Sunday January 15, 2006



I had a hard time trying to side how to play today. Amanda's got tomorrow off for MLK day so we could stay home. But I've got so much to do that I don't know if I can lose another day. Eventually, I decided we should go on back home. Last night, Amanda got a sore throat and has been feeling bad, too. Just in case, I pick it up, I'd just as soon have already travelled safely home and have gotten a little done.

I went on out to Grandma's to make sure she didn't need anything additional done. She had a couple of things for me to do (switching out light bulbs, etc.). Amanda's Mom brought her over a couple of hours later. Then she agreed to take out the bit of garbage on the way back home so we wouldn't have to. That's the kind of thing family does, you know?

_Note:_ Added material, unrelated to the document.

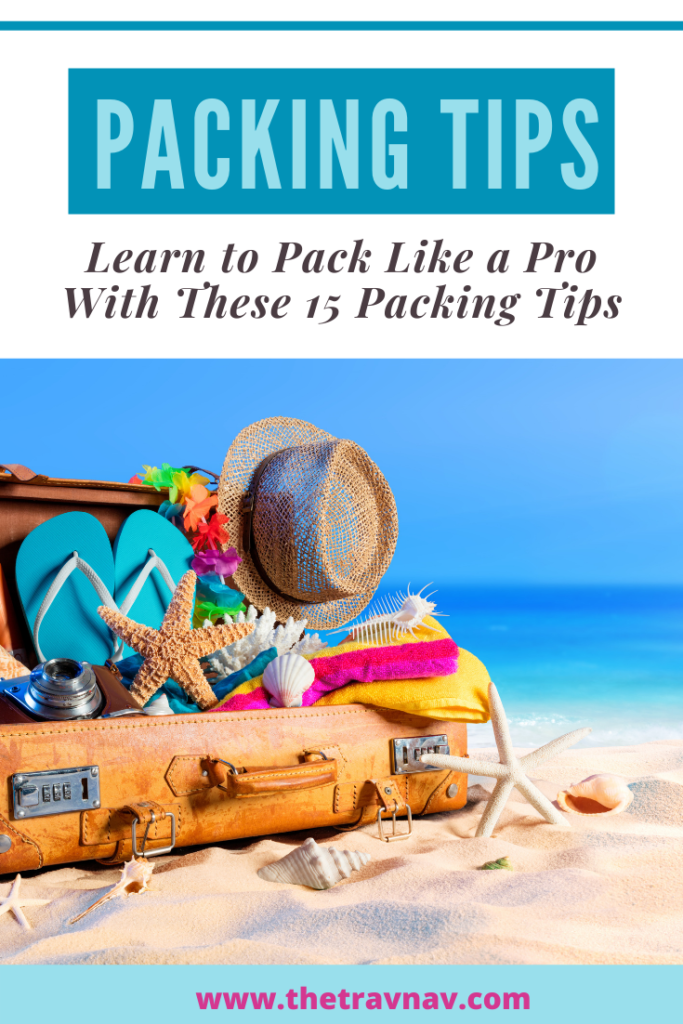 Suitcase on the beach filled with clothes to learn to pack like an expert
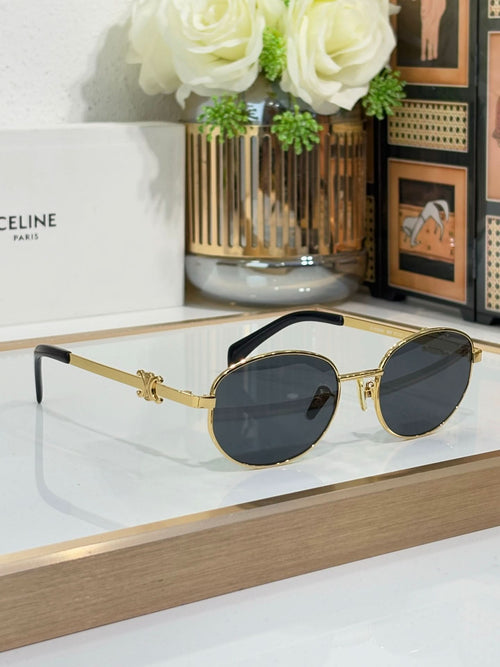 Celine round sunglasses with gold frame and dark blue lenses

Anyway - we said our goodbyes and hit the road. It's so hard for me to leave that county every single time. It's especially hard 'cause I know that what that place is to me doesn't even really exist anymore. I couldn't live there. There's nothing for me professionally and the whole pace and vibe is totally inappropriate for me. But as I've said over and over, no matter where I go or what I do, that area will always be the center of my universe.

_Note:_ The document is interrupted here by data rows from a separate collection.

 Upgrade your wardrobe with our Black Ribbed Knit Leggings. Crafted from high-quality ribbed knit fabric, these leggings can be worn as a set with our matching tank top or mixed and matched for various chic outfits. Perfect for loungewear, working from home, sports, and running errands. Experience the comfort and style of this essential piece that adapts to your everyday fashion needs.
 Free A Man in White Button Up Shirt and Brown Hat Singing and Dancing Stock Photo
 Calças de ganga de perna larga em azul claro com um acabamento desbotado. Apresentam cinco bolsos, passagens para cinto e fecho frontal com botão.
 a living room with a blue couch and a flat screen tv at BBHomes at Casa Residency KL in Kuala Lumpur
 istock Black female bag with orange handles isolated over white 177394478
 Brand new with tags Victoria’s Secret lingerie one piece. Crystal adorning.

Amanda and I got home just after dark, safe and sound. We had a relatively relaxing evening and called it a night early.




Saturday January 14, 2006








Well, I'm suitably tired today. Getting in at 3 a.m. will do that to you unless you're on that schedule. And since we're playing so infrequently now, I'm definitely NOT!

Still, I was over at my Grandmother's by about 1 in the afternoon. It's always comforting to spend some time at that address. All roads lead there for me. Sometimes that's not a good thing but I'd be a liar if I said anywhere else was home. I was actually kind of hoping she'd have some things that needed being done. She didn't. So we just sat around talking. I had the very guitar that I learned how to play slung around my neck and while we talked I noodled. Before I left, I had subconciously completed the entire arrangement (including a note for note solo) for a new power popper still tentatively called "Dancing In The Park." I'd really like to come up with a title that doesn't involve dancing or evoke Bruce Springsteen but so far the song is still demanding to retain that identity. I've learned to let the song be who it is over the years. Trying to change them into something they're not only ruins it for everyone. All you can do is guide, influence and help them along. But ultimately, the decision is theirs. Too bad some people never learn that about other people, much less their work. But it's a truism for who you know and what you do when you get right down to it.

Now innit?

In the late afternoon, my whole family got together to celebrate my brother Benji's birthday. Since my Mom lives so far away from the home base now, she had the idea for us to all get together on the northeast side of Columbia. So that's what we all did. It wound up being Mom, Grandma, Vern, Missy, Dwayne, McKayla, April, Benji, Robbie, Nichole and her friend Erin, me and Amanda (13 people, huh? Why does that number seem so familiar?). Mom and Vern were a good half-hour late and unfortunately Benji was sick and Grandma was having a rough day also. So we stayed freezing in the entranceway (a breezeway would've been a more appropriate name). When we finally did get in, we had to wait to be seated and then juggled around. Eventually we did get in. Grandma was feeling bad enough to where she was having trouble getting around at first. It was hard for me to watch. I kept trying to keep an eye out for her but she kept saying she was fine. It's weird. I could see a night and day difference in her within 15 minutes of her having eaten her first platefull. After that, she was much stronger and together. It goes to show that she's just not taking care of herself (or being taken care of properly) at home.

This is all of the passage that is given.